El aumento de impuestos no contribuirá de manera efectiva a reducir el déficit público; en cambio, si debilitará los ingresos de hogares y empresas, golpeando con fuerza el consumo y la inversión. El Gobierno afirma que la reforma tributaria cumple una doble finalidad: cerrar el déficit fiscal y financiar el presupuesto general de 2026.
Sin embargo, al revisar las cifras, los desajustes saltan a la vista. Si la meta es recaudar 26,3 billones de pesos frente a un déficit fiscal que ronda los 70 billones, el esfuerzo apenas cubre un tercio del hueco (38%). Y si parte de esos recursos se destina, además, a financiar un presupuesto que en los últimos dos años ha oscilado entre los 70 y 80 billones de pesos, ¿qué margen queda realmente para corregir el déficit? Ninguno.
Así, lo que se presenta como una estrategia de responsabilidad fiscal termina revelándose como una coartada para ampliar el gasto público en el último año de mandato presidencial.
Este diseño no es casual. De hecho, nada en política fiscal lo es. El hecho de que se quiera gravar el consumo no responde a criterios de sostenibilidad o distribución, sino a la desesperación recaudatoria de un Estado acostumbrado a expandirse sin límite alguno.
El IVA y otros impuestos indirectos han sido siempre la opción más fácil y lucrativa para los gobiernos. Se aplican en cada etapa de producción, por lo que el consumidor termina pagando no solo por el producto, sino por todos los impuestos acumulados. Cada compra se convierte en un aporte obligatorio al Estado, sin evasión. Es el impuesto perfecto para un gobierno que no quiere reformarse, pero si engordar.
De manera que, no es extraño que la reforma se articule sobre impuestos a la producción y el consumo afectando en última instancia a quienes producen y sostienen la economía.
Las primeras páginas del expolio inician proponiendo un aumento al impuesto de hidrocarburos —del 5 % al 19 % en tres años— así como contempla una subida del IVA sobre insumos agrícolas como: maíz, café, trigo y arroz industrial.
Desde el lado más “iluminado” de la discusión, el gobierno sostiene que no se afectara a clases desfavorecidas. Habría que ponerse una mano de frente para no notar el golpe sobre los ingresos reales de las clases medias y vulnerables, por dos sentidos:
- El encarecimiento del combustible incrementa los costes de transporte, lo que a su vez reduce la movilidad de los ciudadanos y eleva los precios de los bienes básicos.

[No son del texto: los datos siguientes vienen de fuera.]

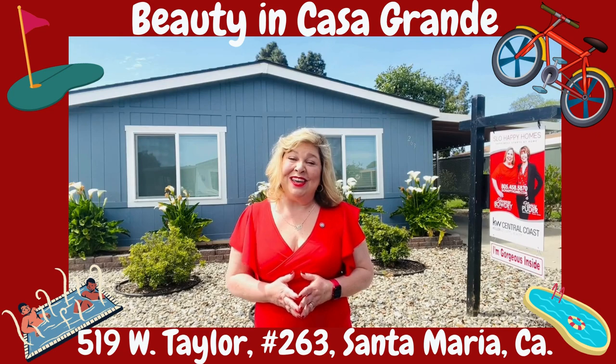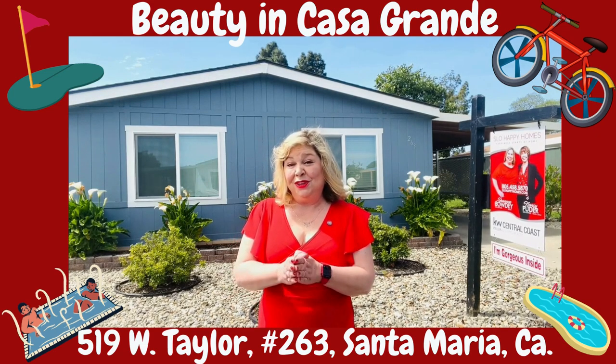Wait till you see the photos in the rest of this video, and if you want to book a time to come see this beautiful home, you let us know!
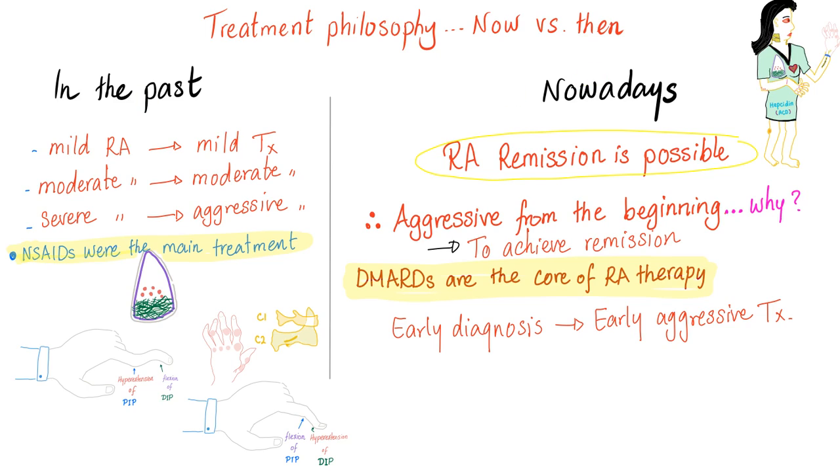Treatment philosophy: now versus then. In the past, we used this approach — mild rheumatoid gets mild treatment, moderate gets moderate treatment, severe gets aggressive treatment. Nowadays, we've discovered that rheumatoid arthritis remission is possible. Yes, remission — the rheumatoid can actually just go away, thanks to the biological DMARDs. Amazing stuff. So nowadays we are aggressive from the beginning. Why? To achieve remission. We go all in.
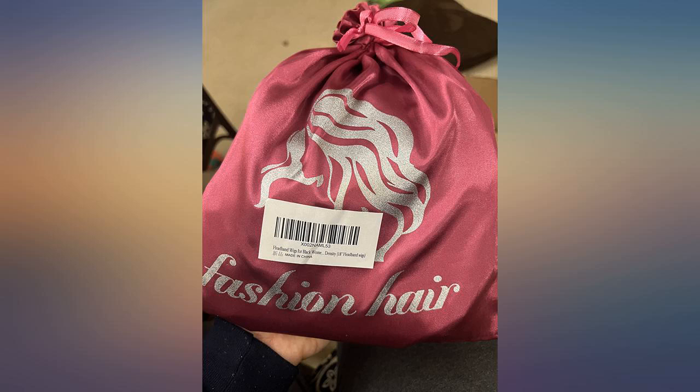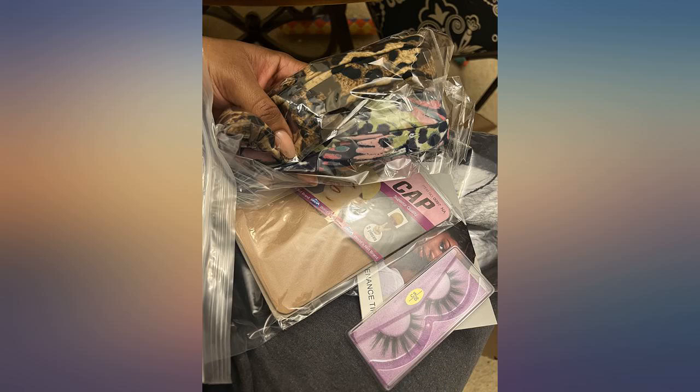Totally happy with my purchase. Only negatives: the strap on the headband wig is big, so I have to use the extra headbands if I want it to feel really secure. The combs don't snap in place and don't grip the greatest — I'm just going to switch them out with some snap-ins from my old extensions.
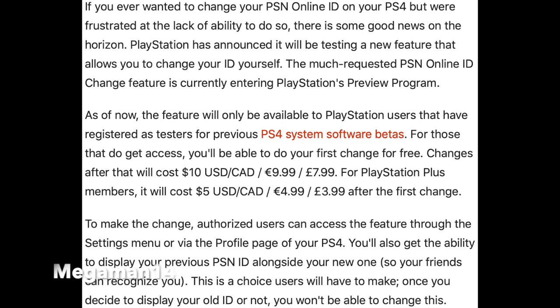As of now, the feature will only be available to PlayStation users that have registered as testers for previous PS4 system software betas. For those that do get access, you'll be able to do your first change for free. Changes after that will be $10, and for PlayStation Plus members it will be $5 after the first name change.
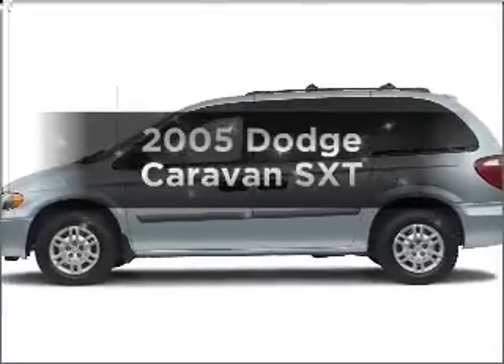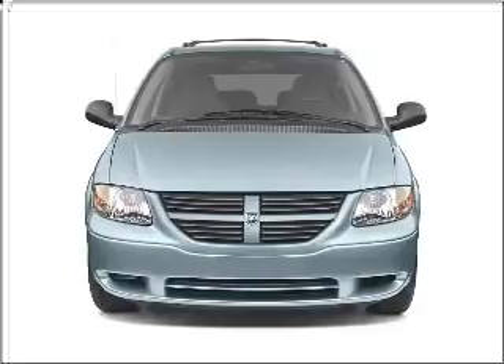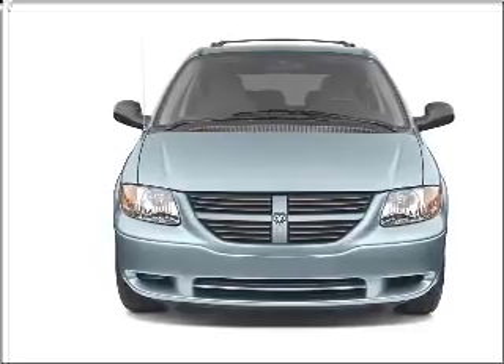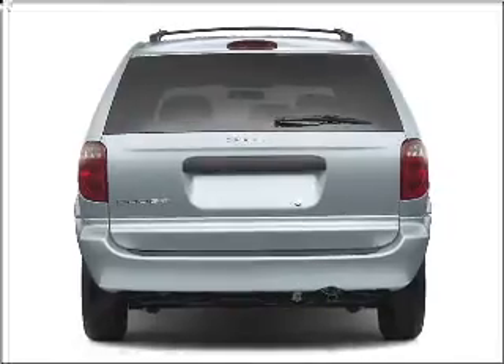Presenting the 2005 Dodge Caravan — this is the set of wheels you've been looking for, with a solid six cylinder engine connected to a smooth shifting automatic transmission. Brake safely with the anti-lock braking system.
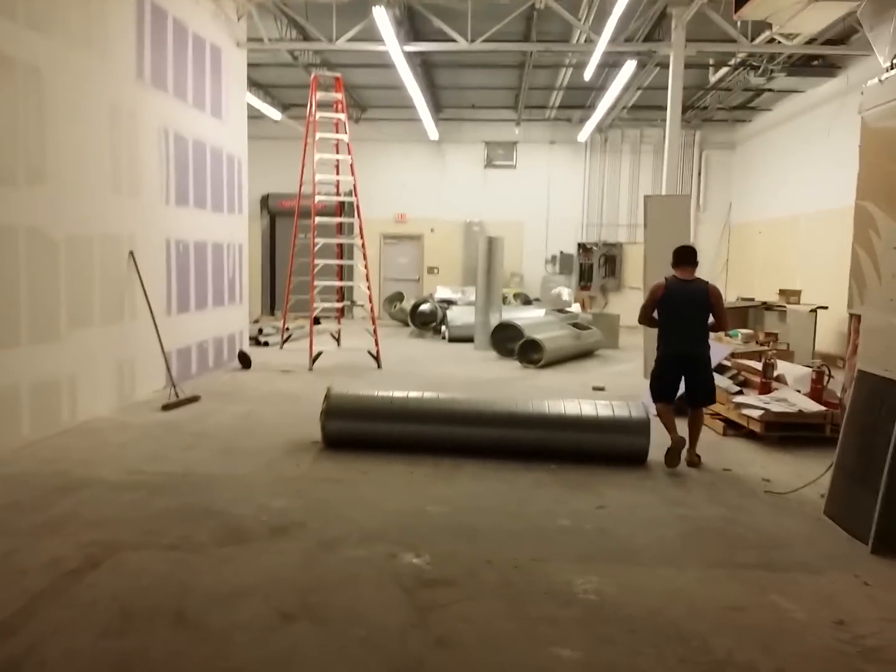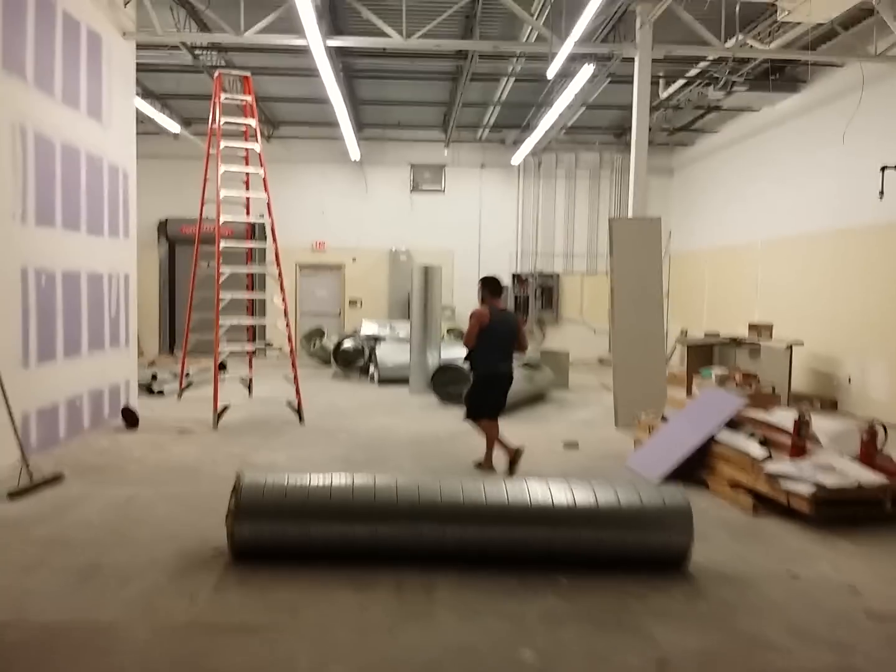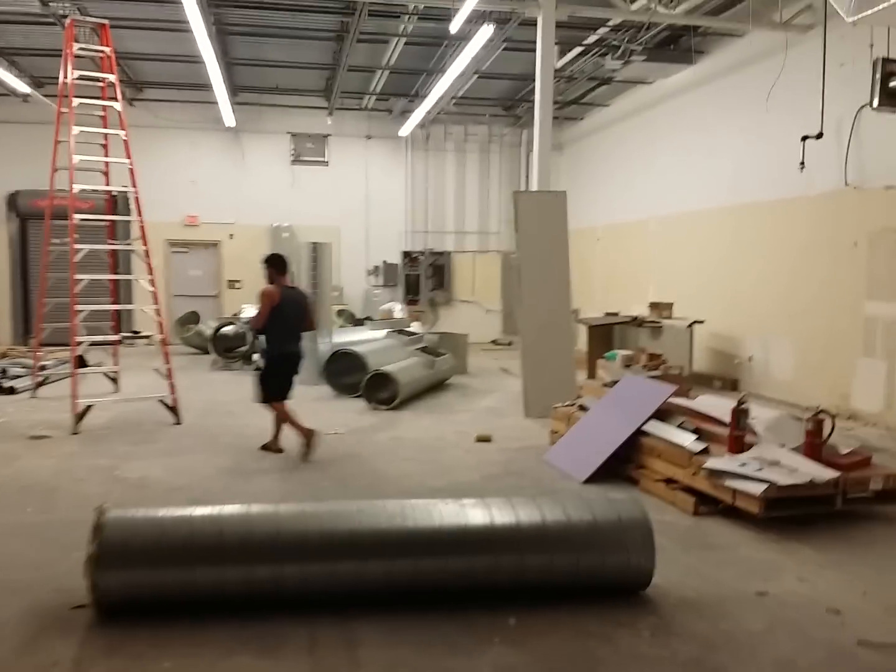And then walk through here. Nice big open area here. As you can tell, demo is still going on. Nice big open area. We got some surprises there. Nice big open area over here.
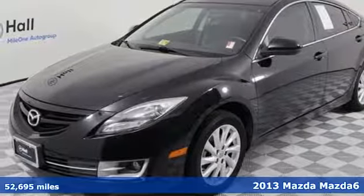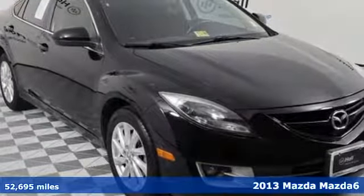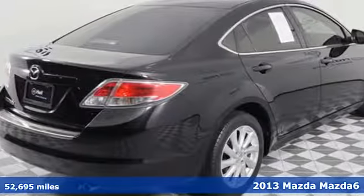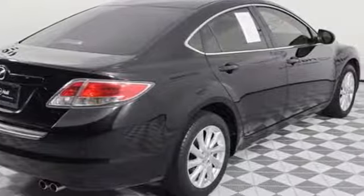Be inspired behind the wheel of this 2013 Mazda 6. Inside the spacious cabin of this Mazda 6, you'll find a multitude of features that are sure to make you smile.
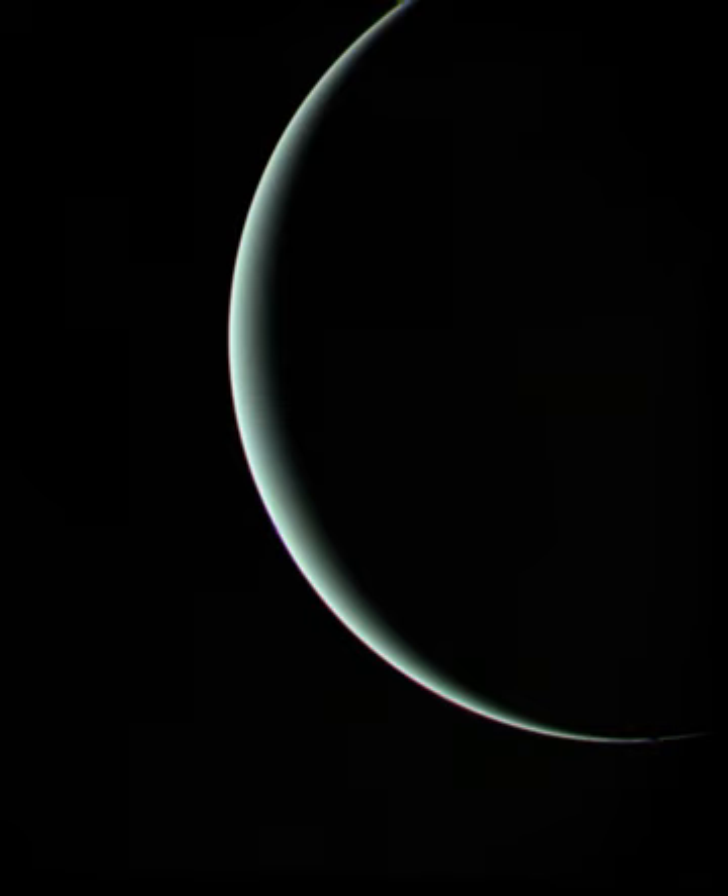The moon Miranda, innermost of the five large moons, was revealed to be one of the strangest bodies yet seen in the solar system. Detailed images from Voyager 2's flyby showed huge oval structures termed coronae flanked by faults as deep as 20 km, terraced layers, and a mixture of old and young surfaces. One theory holds that Miranda may be a re-aggregation of material from an earlier time when the moon was fractured by a violent impact.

- Si a esto se suma el aumento de los insumos agrícolas, el resultado es una presión mayor sobre los precios que impacta brutalmente el consumo de los ciudadanos.
A los gravámenes anteriores se le suma el ataque directo a la renta de las entidades financieras, elevando la carga tributaria del 38 % al 50%. Y como si no fuera suficiente, se incrementa el impuesto a los dividendos corporativos de un 20% a un 30%. Fiel a su populismo extractivista, el gobierno insiste en que la medida se orienta a grabar las “altas utilidades”. Una afirmación igualmente insostenible, en dos aspectos:
- Castigar la rentabilidad del sistema financiero no solo afecta a los banqueros, afecta a millones de ciudadanos y empresas que tendrán que enfrentan mayores tasas de interés y menor acceso al crédito.
- Si a esto se les suma un impuesto a los dividendos. El resultado es aún más perverso. El dividendo no es más que la parte del beneficio empresarial que se entrega al accionista. Si ese beneficio ya ha pagado impuestos, ¿por qué volver a gravarlo? La respuesta es simple, porque el objetivo del gobierno no es sanear las cuentas públicas es recaudar a cualquier costo.
Esta combinación de presión tributaria sobre el crédito y sobre la rentabilidad empresarial, reduce el atractivo de invertir en sectores productivos, limita el ahorro y destruye la capacidad de crecimiento de la economía
En definitiva, la nueva propuesta tributaria no estabiliza, expolia, a cualquier costo. Se castiga la inversión, se reduce el consumo y se encarece el crédito. Todo en nombre de una sostenibilidad fiscal que consiste en exprimir más a los mismos de siempre. Se paga por sostener un despilfarro desmedido de gasto burocrático y déficit fiscal que ha traído todo, menos crecimiento.
La Reforma no soluciona el problema del hueco fiscal, lo profundiza vía ralentización de la actividad económica. El gobierno, literalmente, se está dando un tiro en el pie con precisión técnica.